Es sind daher zur Beurteilung, was redliche und vernünftige Parteien für den von ihnen nicht bedachten Fall der später geänderten Umstände vereinbart hätten, Feststellungen darüber unentbehrlich, ob beide Parteien bei Abschluß des Scheidungsvergleiches davon ausgingen, daß der Klägerin der vereinbarte Unterhaltsbeitrag von S 3.500,-- damals schon unabhängig von einem aktuellen Eigeneinkommen gewährt werden sollte oder ob der Beklagte diese Verpflichtung in der Annahme einging, daß die Klägerin damals über keinerlei Einkünfte verfügte. In diesem Zusammenhang ist auch die Höhe des nunmehr von der Beklagten erzielten Eigeneinkommens (ihrer Pension) von Bedeutung, weil nicht anzunehmen ist, daß die Parteien diese für die Unterhaltsbemessung maßgebende Komponente gänzlich vernachlässigen und nur die Höhe des Einkommens des Beklagten in den Vordergrund hätten stellen wollen.

Das Erstgericht wird daher im fortgesetzten Verfahren das diesbezüglich widersprüchliche Parteienvorbringen zu prüfen und entsprechende Feststellungen zu treffen haben.

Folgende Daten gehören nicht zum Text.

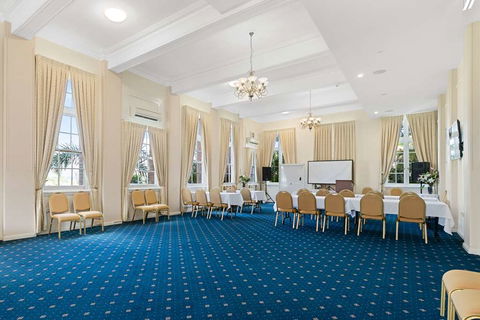 Quality Hotel Regent Rockhampton - Accommodation Newcastle 12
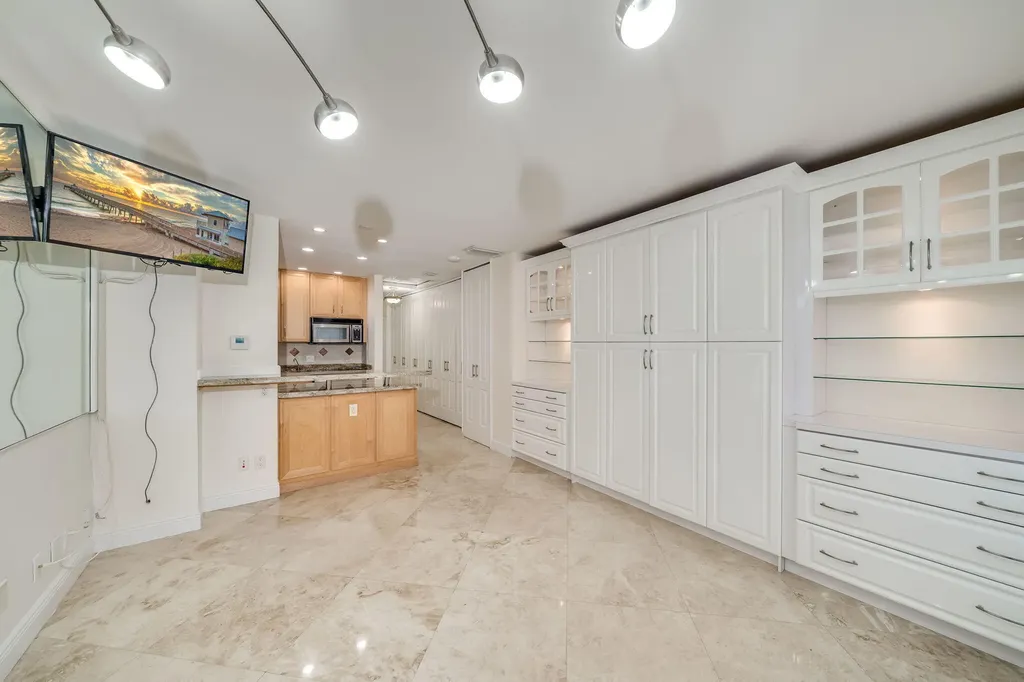 405 N Ocean Boulevard Pompano Beach FL 33062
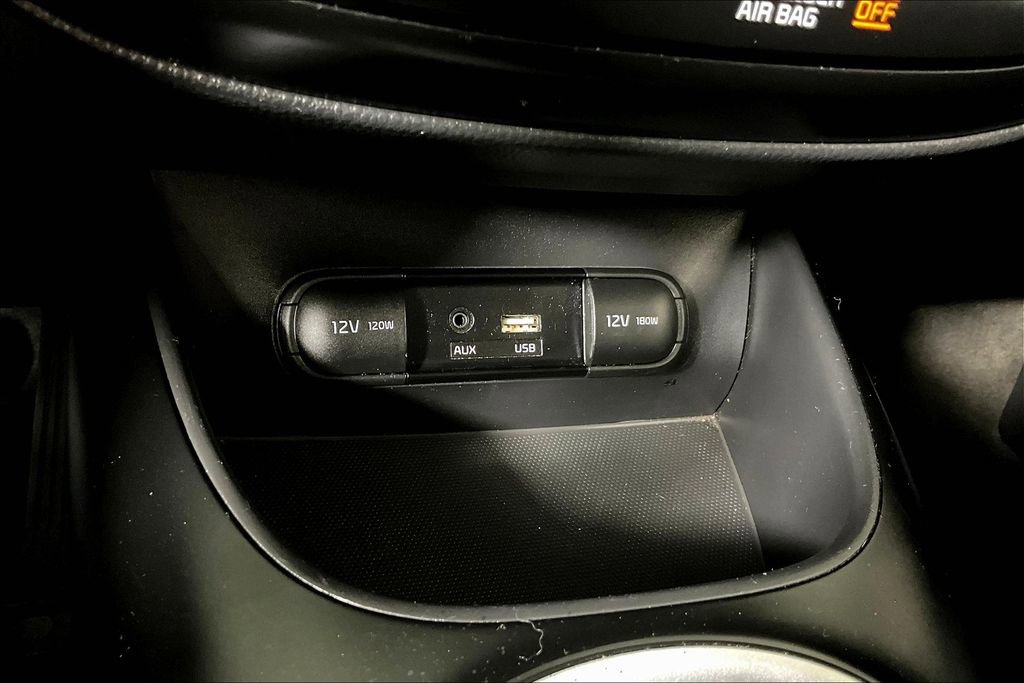 Used 2017 Kia Soul + image 30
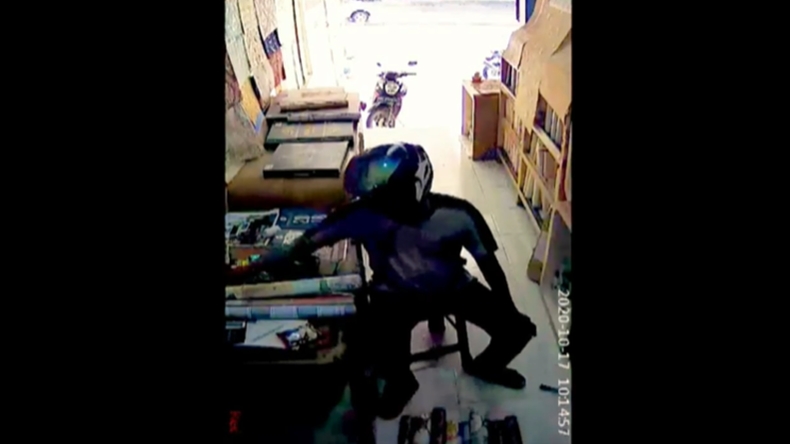 Aksi Pencuri Ponsel di Palembang Terekam CCTV saat Pura-Pura Belanja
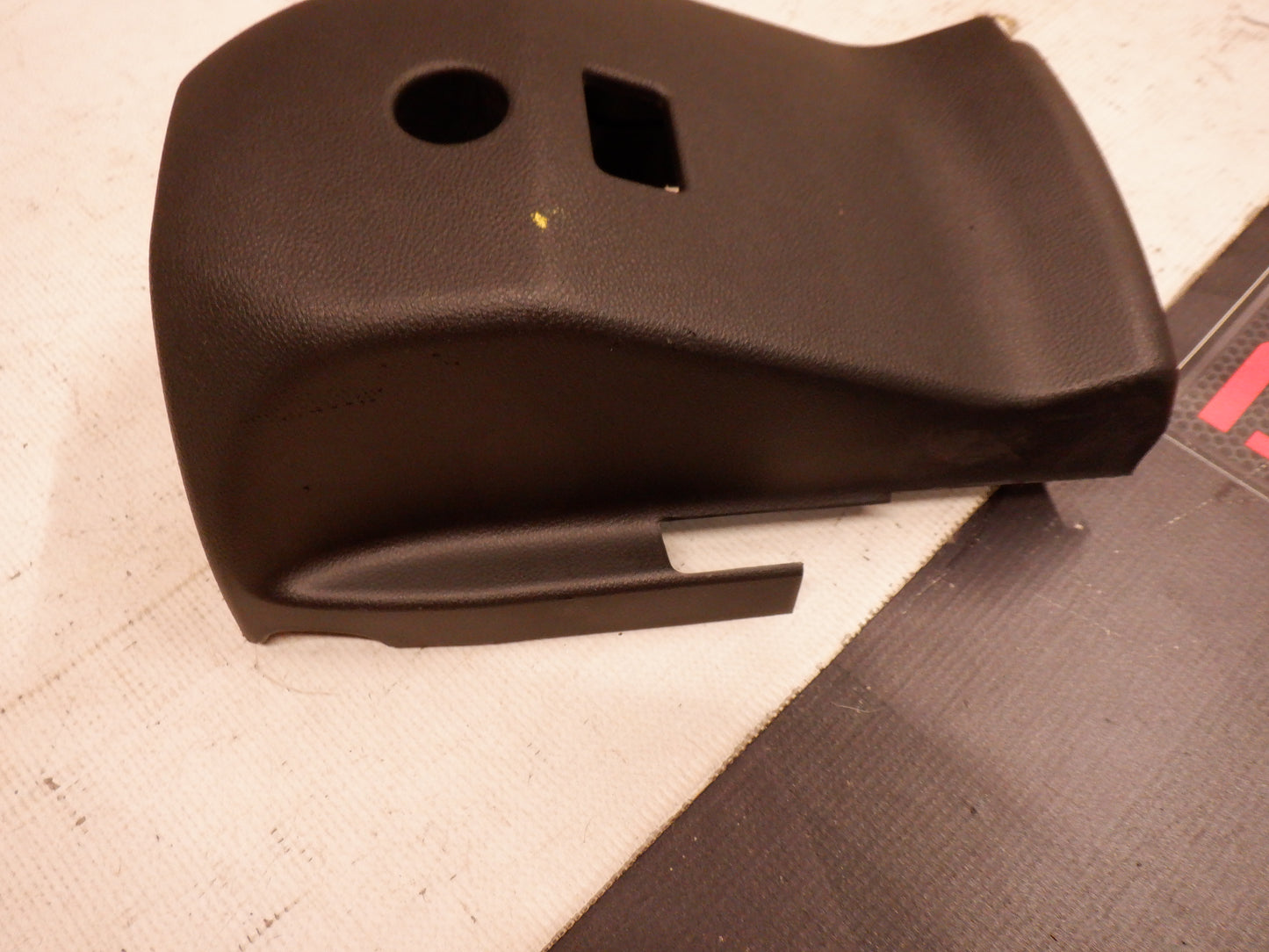 2014 Chevy SS Sedan Lower Column Cover 92290200 OEM - Day's Parts Yard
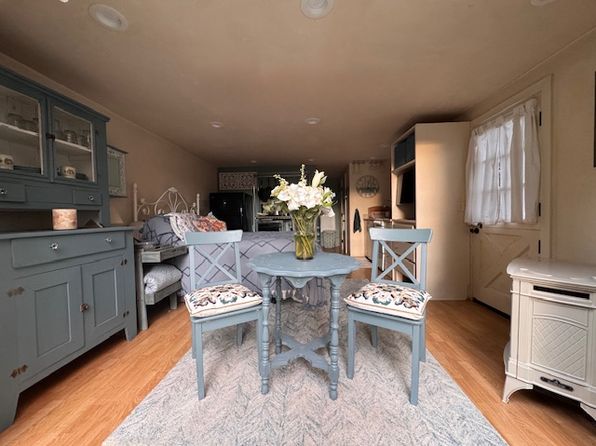 (undisclosed Address)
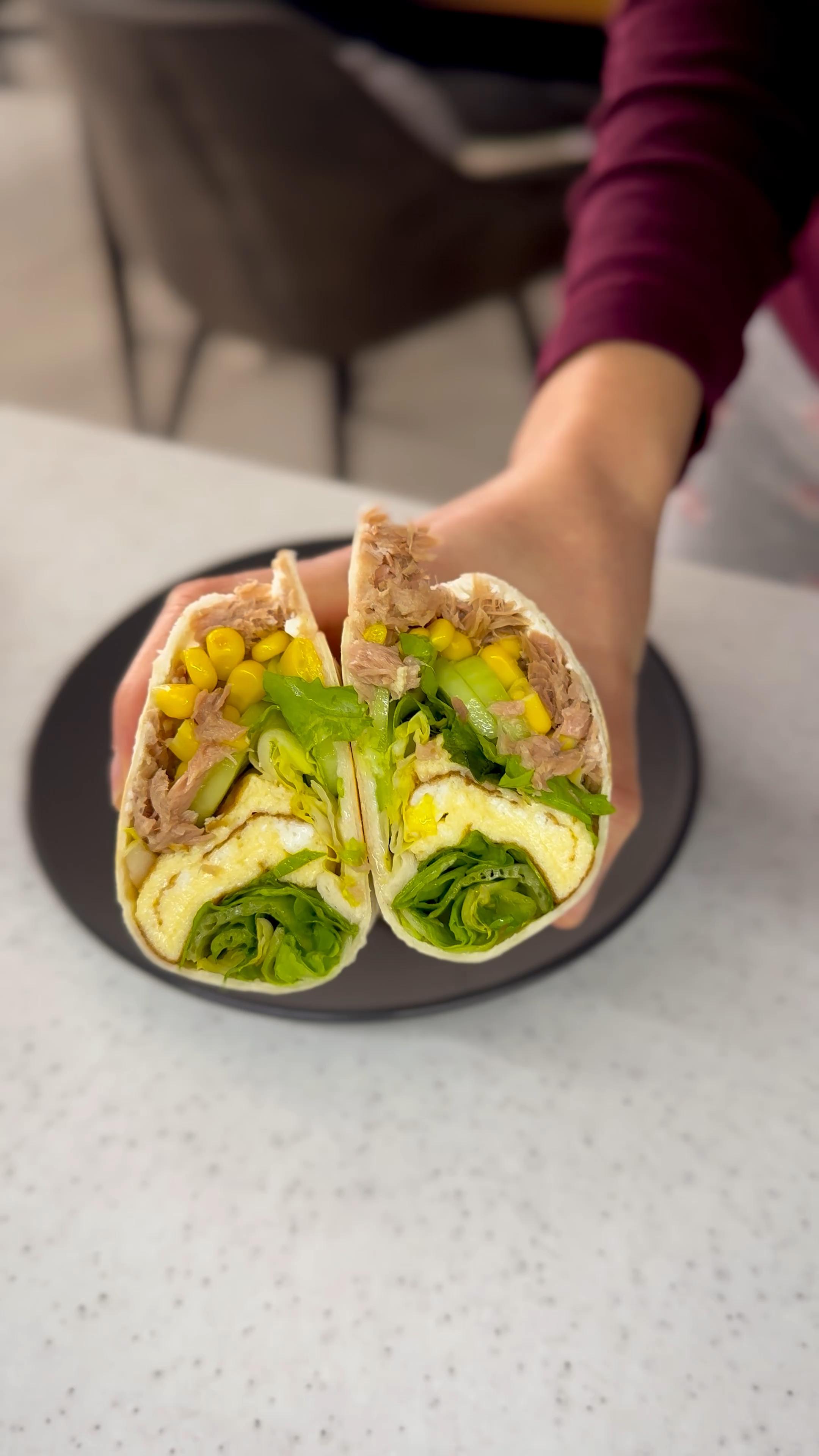 Тортилья з тунцем, овочами та омлетом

Die bisherigen Feststellungen der Vorinstanzen lassen aber schon jetzt darauf schließen, daß der Klägerin bei den inzwischen erfolgten jeweiligen Einigungen über die Erhöhung der Unterhaltsbeiträge um jeweils S 500,-- nicht bekannt war, um welchen Betrag sich die Pensionsbezüge des Beklagten jeweils konkret erhöht haben. Es kann daher den Parteien nicht der Wille unterstellt werden, sie hätten bei den diesbezüglichen Vereinbarunen von der einmal festgelegten Relation des Unterhaltes zum Einkommen des Beklagten - allenfalls unter Einbeziehung der Eigeneinkünfte der Klägerin - abweichen wollen. Sollte sich der Pensionsbeitrag des Beklagten seit der letzten Unterhaltsfestlegung bis zur Klageeinbringung nur geringfügig erhöht haben, müßte sich der Pensionsbezug zwangsläufig bereits vor der Einigung über die Unterhaltserhöhung im Jahr 1992 im Verhältnis zum Jahr 1984 entsprechend kräftig erhöht haben. Bei einem Abstellen auf die im Jahr 1984 vorhandene Relation zwischen dem Einkommen des Beklagten und dem damals festgelegten Unterhaltsbeitrag würde dies bedeuten, daß der Unterhalt schon bei der letzten Einigung zu wenig angehoben wurde. Dies könnte aber nicht zu Lasten der Klägerin gehen, zumal bei einem Irrtum der Klägerin über die Einkommenshöhe des Beklagten selbst ein Vergleich über die Unterhaltsbemessung einer darüber hinausgehenden Erhöhung des Unterhaltsbeitrages für die Vergangenheit (die allerdings von der Klägerin gar nicht begehrt wurde) nicht entgegenstünde (vgl Purtscheller-Salzmann, Unterhaltsbemessung, S 129 ff mwN). Auf die genaue Höhe der Pensionsbezüge des Beklagten im Zeitpunkt der beiden auf den Scheidungsvergleich folgenden Unterhaltsvereinbarungen kommt es daher entgegen der Ansicht des Revisionswerbers nicht wesentlich an. Ebenso können Erwägungen darüber unterbleiben, ob der Unterhalt im vorliegenden Fall im Ausmaß des § 66 EheG oder des § 68 EheG zugestanden wäre, handelt es sich doch ausschließlich um einen vertraglichen Unterhaltsanspruch, der sich nicht nach dem Gesetz, sondern nach der Parteienvereinbarung bestimmt. Der Zuspruch eines gesetzlichen Unterhaltsbeitrages kommt im Fall einer Scheidung nach § 55a EheG auch bei wesentlicher, von den Parteien nicht bedachter Änderung der Umstände nicht in Betracht, wie bereits ausgeführt wurde.

Die Kostenentscheidung gründet sich auf §§ 52 ZPO.